Siegfreed Sassoon wrote something similar:
"For it is humanly certain that most of us remember very little of what we have read. To open almost any book a second time is to be reminded that we had forgotten well-nigh everything that the writer told us. Parting from the narrator and his narrative, we retain only a fading impression; and he, as it were, takes the book away from us and tucks it under his arm."
Perhaps this is why Oscar Wilde said:
"If one cannot enjoy reading a book over and over again, there is no use in reading it at all."
And as Vladimir Nobokov said:
"Curiously enough, one cannot read a book; one can only reread it. A good reader, a major reader, and active and creative reader is a rereader."

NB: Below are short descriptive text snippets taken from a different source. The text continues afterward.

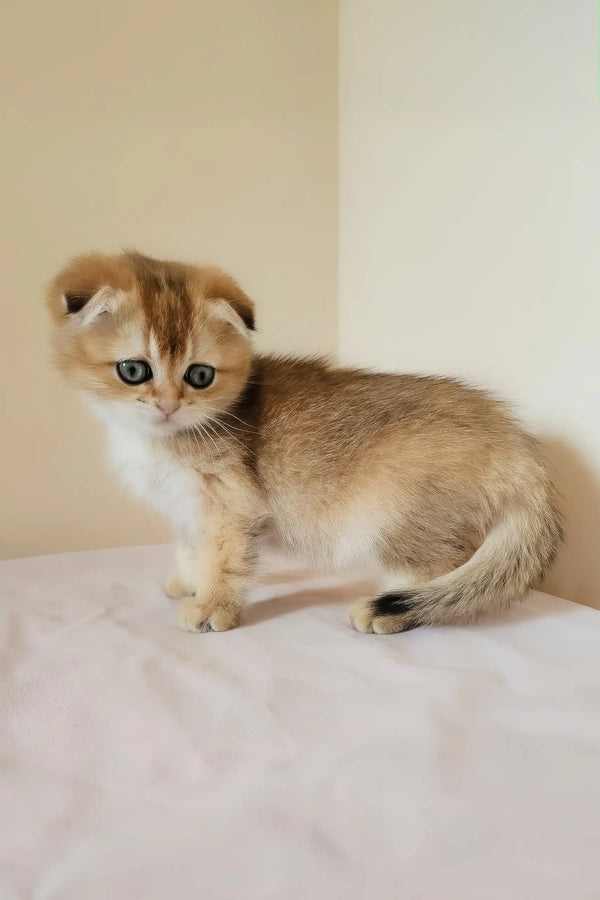 Millie | scottish fold kitten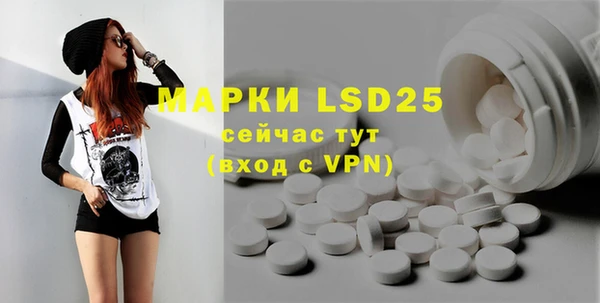 mdpv Богородицк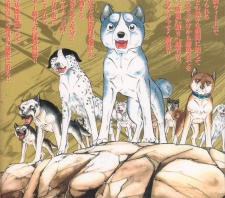 Imagen de Ginga Densetsu Weed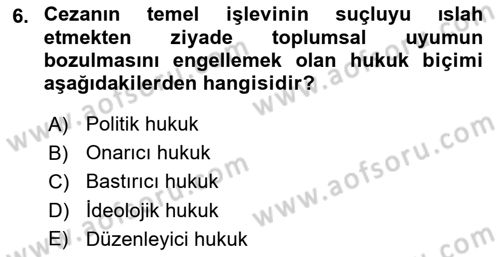 Hukuk Sosyolojisi Dersi 2024 - 2025 Yılı Yaz Okulu Sınav Soruları 6. Soru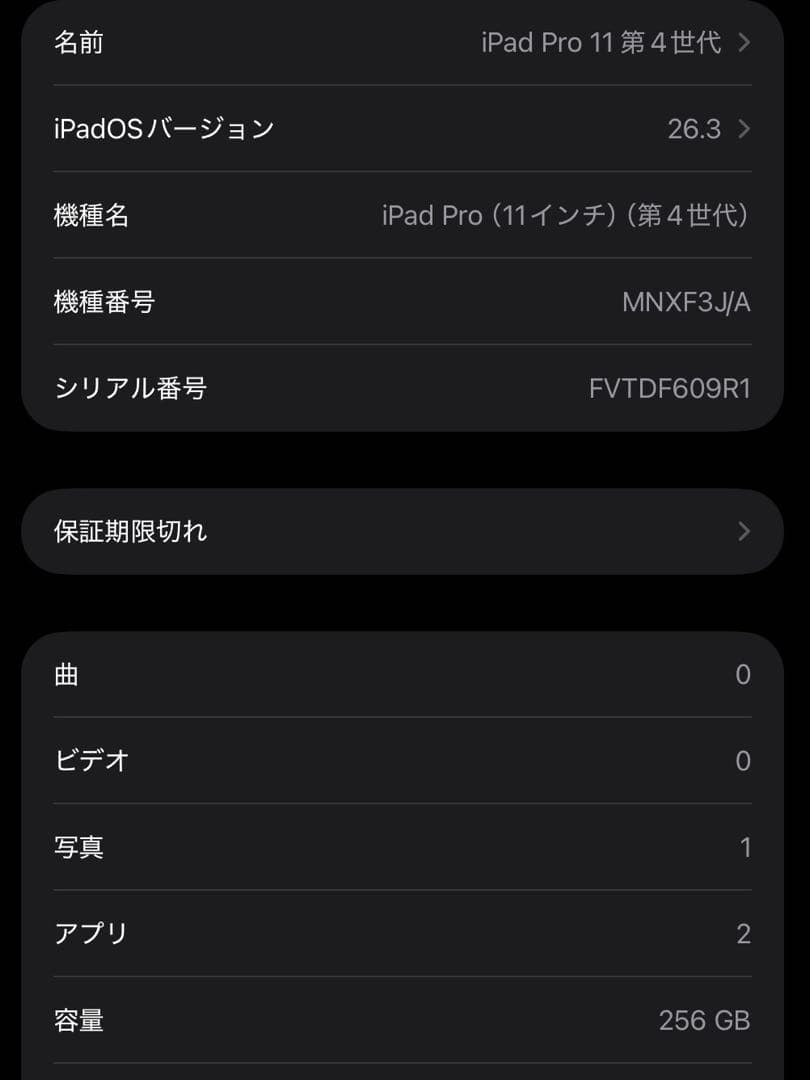iPad Pro 11 第4世代 256GB WiFi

Though Ian Crouch questions rereading. He said:
"Part of my suspicion of rereading may come from a false sense of reading as conquest. As we polish off some classic text, we may pause a moment to think of ourselves, spear aloft, standing with one foot up on the flank of the slain beast. Another monster bagged. It would be somehow less heroic, as it were, to bend over and check the thing’s pulse. But that, of course, is the stuff of reading—the going back, the poring over, the act of committing something from the experience, whether it be mood or fact, to memory. It is in the postmortem where we learn how a book really works."
He concludes in support of rereading:
"Maybe, then, for a forgetful reader like me, the great task, and the greatest enjoyment, would be to read a single novel over and over again. At some point, then, I would truly and honestly know it."
There is an alternative. David Meerman said:
"After nearly 1,000 posts over almost a decade, I use my blog as a catalog of my ideas. It may seem strange, but I search my own blog several times a day."
Andrew Sullivan said that "A good blog is your own private Wikipedia." Like logs, blogs, are a form of human self-correction. The historic form closest to blogs is the diary. Except a blog, unlike a diary, is instantly public. As Andrew Sullivan said, the blogosphere has created an open-source market of thinking and writing.